Elimde kitaplarla olabildiğince hızlı ilerlemeye çalışıyordum.
Hiç alışkın olmadığım sokaklardan bu kadar erken saatte geçmek ilk gün için oldukça farklı hissettirmişti. Aynı evde olup iletişim bile kurmadığımız mükemmel ailemden uzak bir şehirde kazandığım üniversitenin ilk senesindeydim ve bugün, yıllarca kazanmak için çalışıp, hakkında araştırmalar yaptığım okulun ilk ders saatine aptallığım yüzünden geç kalmıştım.
Cebimde titremeye devam eden telefona bakamayacak kadar gergin bir şekilde kampüsten içeri girdim. Henüz gireceğim amfinin nerede olduğunu bile bilmeden girişte gördüğüm panoya doğru koştum. İsimlerin yazdığı listede göz gezdirmek için etrafta toplaşan insanları umursamadan kalabalığın arasına daldım ve kendi ismimi aradım.
Sonunda bulmuştum.
Ellie Stewen...
Matematik bölümünün yerini öğrendikten sonra koşturarak geç kaldığımı bildiğim amfinin kapısına gelmiştim. Yine de benim gibi geç kalan illa ki vardır diyerek ve kendimi rahatlatmaya çalışarak kapıya hafifçe vurup ses gelmesini beklemeden içeri girdim. Tam tahmin ettiğim gibi ders başlamıştı ve sessiz bir ortama sonradan girdiğim için bir süreliğine kapıya yakın oturanların ve profesörün bakışları beni buldu. Bir şey demeden kendime boş bir yer bularak, derste anlatılanları kısaca not almak için getirdiğim defteri ve kalemimi çıkardım.

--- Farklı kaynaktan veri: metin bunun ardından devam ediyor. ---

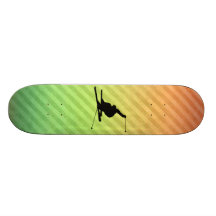 Snow Skiing Skate Board Decks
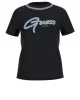 Guess CN SS JEANS CHAIN TEE Kadın Siyah T-shirt W5GI03I3Z14-JBLK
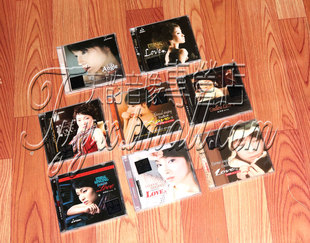 8CD 纯银版 妙音唱片 姚斯婷英文专辑系列天使LOVE2.4.5.7.9.11.13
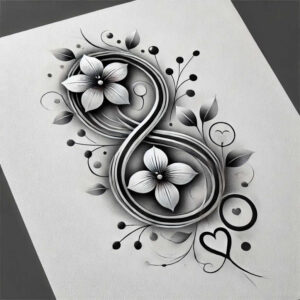 pets-tattoo-ideas – tattoo design ideas free ai generated – silent – for-nape – Gallery: pets-inkby-ai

O an Üniversite'de geç kalındığı zaman ve hatta derse gelmediğimiz günlerde bile bunun bir sorun teşkil etmediğini hatırlayarak bir kere daha tanrıya şükür ettim.
Profesör tahmin ettiğimin aksine genç ve yakışıklıydı. İlk girdiğimde gerginlikten inceleyememiş olsamda, dersi anlatırken kendisini inceleme fırsatı bulmuştum.
Etraftaki çoğu kız öğrenciler onu hayranlıkla izlemekten not almayı bile unutmuş gibi duruyorlardı. Yoksa önlerinde açık ama el sürülmemiş sayfaların başka bir açıklaması olamazdı. Yine de çok takılmadan anlatılanları kısa kısa not tutmaya başladım. Geç gelerek dersin ilk 20 dakikasını kaçırdığım için ilk sayfayı boş bırakmıştım.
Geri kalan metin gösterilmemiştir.